## Records to use:
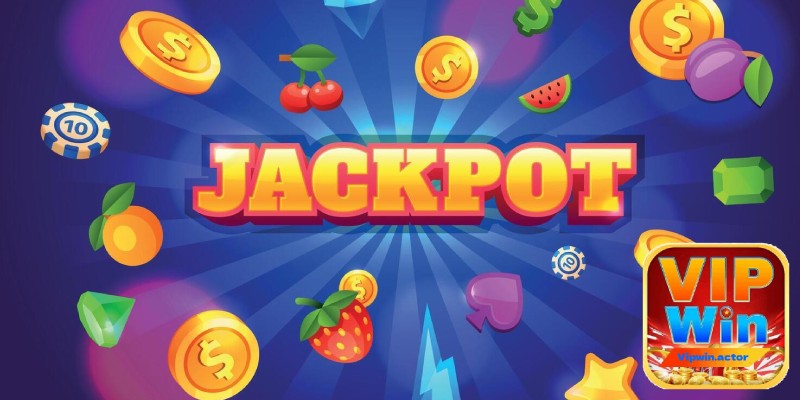 Jackpot là trò chơi như thế nào?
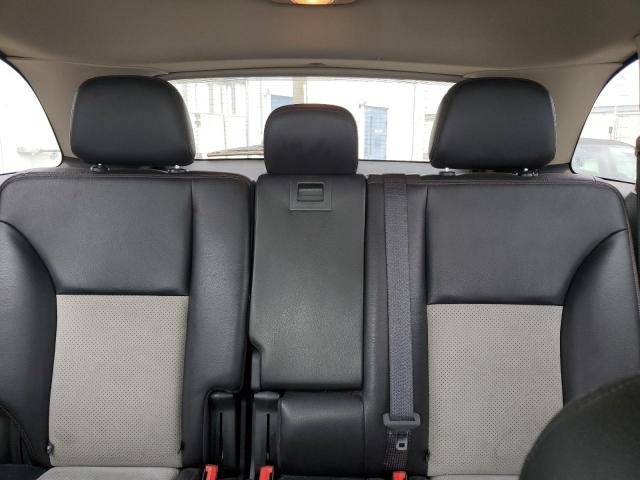 Photo 10 from auction – 2013 FORD EDGE SEL with VIN 2FMDK3JC8DBB41517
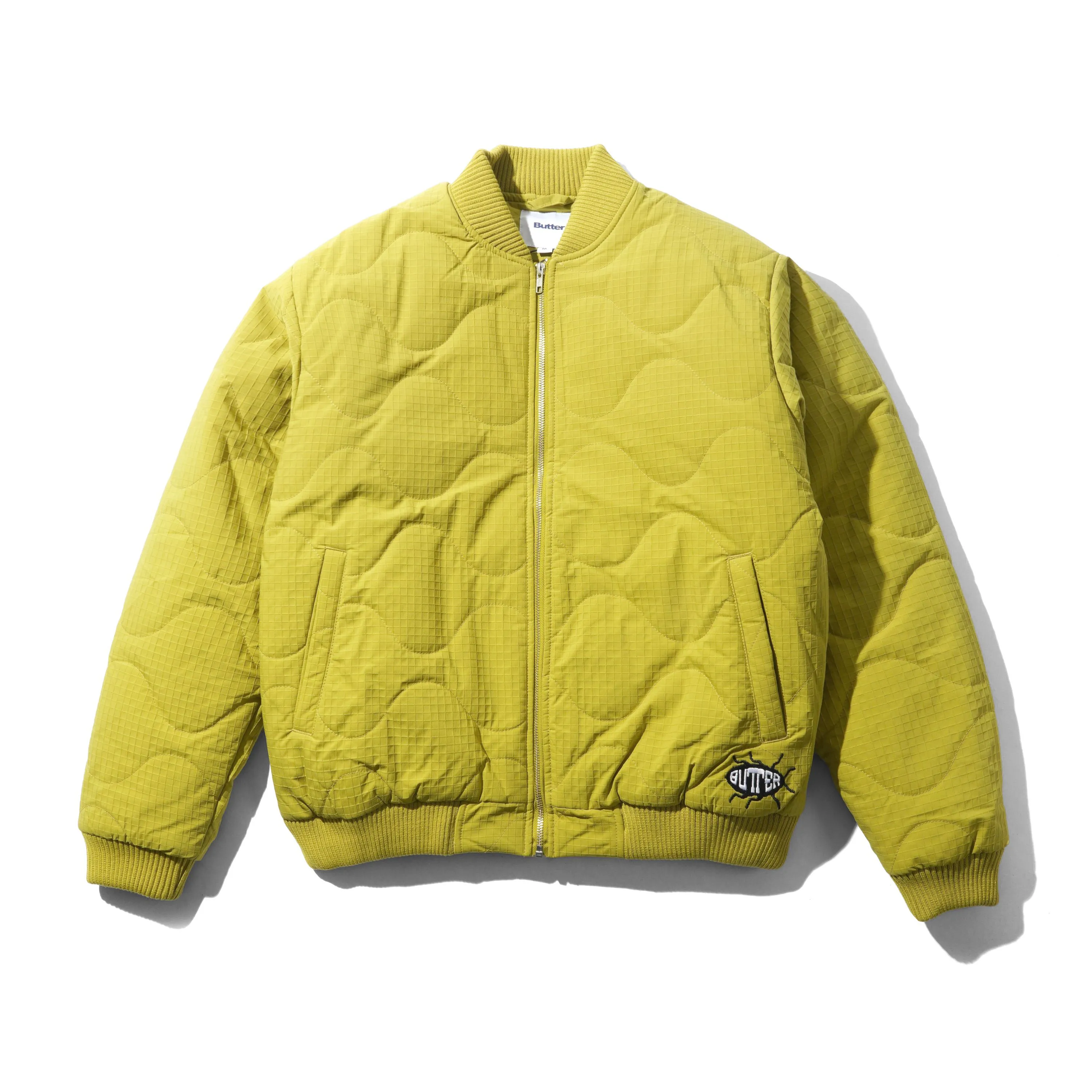 Roach Bomber Jacket, Acid sold by Butter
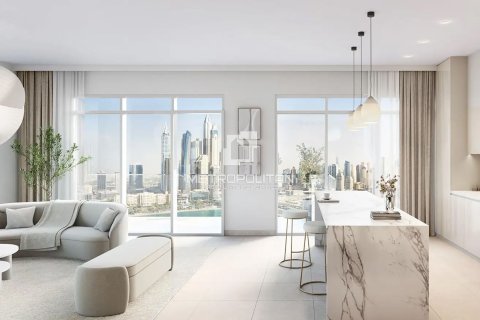 Lakás itt: Dubai Harbour, Dubai, EAE, 3 hálószoba, 189 m², azonosító: 663366 - fénykép 4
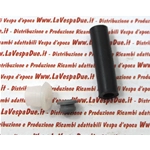 Motorabdeckungsgummisatz für VESPA 125 150 VNA VNB VBB GT SUPER SPRINT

## Exercise description:
The expected response is every line of the material, written out exactly, with the images removed.

## Result of this task:
 Jackpot là trò chơi như thế nào?
 Photo 10 from auction – 2013 FORD EDGE SEL with VIN 2FMDK3JC8DBB41517
 Roach Bomber Jacket, Acid sold by Butter
 Lakás itt: Dubai Harbour, Dubai, EAE, 3 hálószoba, 189 m², azonosító: 663366 - fénykép 4
 Motorabdeckungsgummisatz für VESPA 125 150 VNA VNB VBB GT SUPER SPRINT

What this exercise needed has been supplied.